For the pre- and post-likability ratings, we normalized each subject’s data by the respective standard deviation across ratings, and then averaged the standardized scores (2 scores per image). Outliers were identified as those images that exceeded 3.5 × the median absolute deviation and were replaced by NaN. Because the distribution of normalized likeability ratings was skewed, we further transformed the data via the inverse hyperbolic sine transform57 before entering them into a rmANOVA. For correlation analyses between decision bias and likability Pearson’s correlation coefficients were calculated between the mean normalized likability per image and its associated decision bias per subject.
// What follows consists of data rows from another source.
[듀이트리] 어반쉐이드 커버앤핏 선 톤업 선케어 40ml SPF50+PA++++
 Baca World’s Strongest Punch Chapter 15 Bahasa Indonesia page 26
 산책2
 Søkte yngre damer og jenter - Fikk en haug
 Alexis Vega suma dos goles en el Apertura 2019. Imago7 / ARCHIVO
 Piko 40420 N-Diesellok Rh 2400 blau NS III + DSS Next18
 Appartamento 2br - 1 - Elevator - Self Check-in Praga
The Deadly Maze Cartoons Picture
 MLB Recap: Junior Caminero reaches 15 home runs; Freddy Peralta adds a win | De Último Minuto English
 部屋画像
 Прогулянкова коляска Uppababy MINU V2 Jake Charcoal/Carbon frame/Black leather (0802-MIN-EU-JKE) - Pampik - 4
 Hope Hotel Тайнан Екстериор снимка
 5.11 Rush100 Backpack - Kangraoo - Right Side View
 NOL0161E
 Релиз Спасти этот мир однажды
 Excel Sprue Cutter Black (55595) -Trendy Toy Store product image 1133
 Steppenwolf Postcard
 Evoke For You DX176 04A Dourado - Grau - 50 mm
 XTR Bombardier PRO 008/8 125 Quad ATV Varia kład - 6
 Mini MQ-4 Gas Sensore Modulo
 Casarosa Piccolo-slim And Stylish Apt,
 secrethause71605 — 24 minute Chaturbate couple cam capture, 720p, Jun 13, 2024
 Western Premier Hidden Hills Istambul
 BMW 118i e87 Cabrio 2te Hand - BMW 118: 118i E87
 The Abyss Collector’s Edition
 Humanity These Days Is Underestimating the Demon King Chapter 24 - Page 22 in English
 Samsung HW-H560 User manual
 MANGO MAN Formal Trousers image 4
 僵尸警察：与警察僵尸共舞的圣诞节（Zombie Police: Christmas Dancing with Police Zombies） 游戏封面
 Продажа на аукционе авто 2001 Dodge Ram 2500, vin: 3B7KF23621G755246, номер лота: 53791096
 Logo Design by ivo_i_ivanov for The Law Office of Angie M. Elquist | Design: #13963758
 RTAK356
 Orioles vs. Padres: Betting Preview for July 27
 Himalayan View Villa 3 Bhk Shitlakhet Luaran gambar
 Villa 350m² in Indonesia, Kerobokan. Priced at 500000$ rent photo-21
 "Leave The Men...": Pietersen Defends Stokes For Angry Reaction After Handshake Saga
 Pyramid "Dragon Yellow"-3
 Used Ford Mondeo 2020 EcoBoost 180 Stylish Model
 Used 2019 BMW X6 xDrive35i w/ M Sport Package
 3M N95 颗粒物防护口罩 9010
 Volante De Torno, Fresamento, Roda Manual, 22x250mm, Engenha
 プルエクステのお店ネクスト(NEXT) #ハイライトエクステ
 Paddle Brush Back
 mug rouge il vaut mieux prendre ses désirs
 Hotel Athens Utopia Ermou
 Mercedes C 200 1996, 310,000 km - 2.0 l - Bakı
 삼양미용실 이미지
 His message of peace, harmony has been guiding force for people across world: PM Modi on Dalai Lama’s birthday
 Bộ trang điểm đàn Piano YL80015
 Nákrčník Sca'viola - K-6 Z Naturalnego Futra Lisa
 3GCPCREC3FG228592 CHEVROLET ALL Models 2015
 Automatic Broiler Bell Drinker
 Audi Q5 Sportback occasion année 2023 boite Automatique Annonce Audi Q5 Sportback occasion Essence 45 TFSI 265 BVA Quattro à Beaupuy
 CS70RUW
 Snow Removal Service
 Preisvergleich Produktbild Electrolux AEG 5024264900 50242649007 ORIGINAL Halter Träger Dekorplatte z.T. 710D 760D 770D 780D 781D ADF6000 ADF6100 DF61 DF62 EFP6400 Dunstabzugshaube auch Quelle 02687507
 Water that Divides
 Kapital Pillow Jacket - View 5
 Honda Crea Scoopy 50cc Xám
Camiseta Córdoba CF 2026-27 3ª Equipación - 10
These coefficients were transformed into Fisher’s z-scores via the inverse hyperbolic tangent function (atanh in Matlab) for tests of significance, and back-transformed via the hyperbolic tangent function (tanh in Matlab) for reporting means and standard deviations.

#### Explicit memory test

To assess the correlation between the percentage of correctly recognized face pairs in the explicit memory test and the decision bias for S1 stimuli in these pairs during the decision making phase, we computed Pearson’s correlation coefficients between these two measures across rewarded pairs per subject. We then transformed the correlation coefficients into Fisher’s z-scores via the inverse hyperbolic tangent function (atanh in Matlab) for tests of significance, and back-transformed via the hyperbolic tangent function (tanh in Matlab) for reporting means and standard deviations. When correlation coefficients could not be computed because at least one of the variables was constant, r was set to 0 before transformation. To avoid infinite z-scores, correlation coefficients > 0.999320 were set to 0.999320 and correlation coefficients < − 0.999329 were set to − 0.999329. This puts the ceiling/floor to z = 4.

#### Measures of effect size

For all t-tests, we computed Hedges’ g and for all ANOVA partial η2 as measures of effect size using the Matlab toolbox Measures of Effect Size (v 1.6.1; https://github.com/hhentschke/measures-of-effect-size-toolbox/)58.

All analyses were carried out in Matlab (R2018a, The Mathworks, Inc.) unless otherwise noted.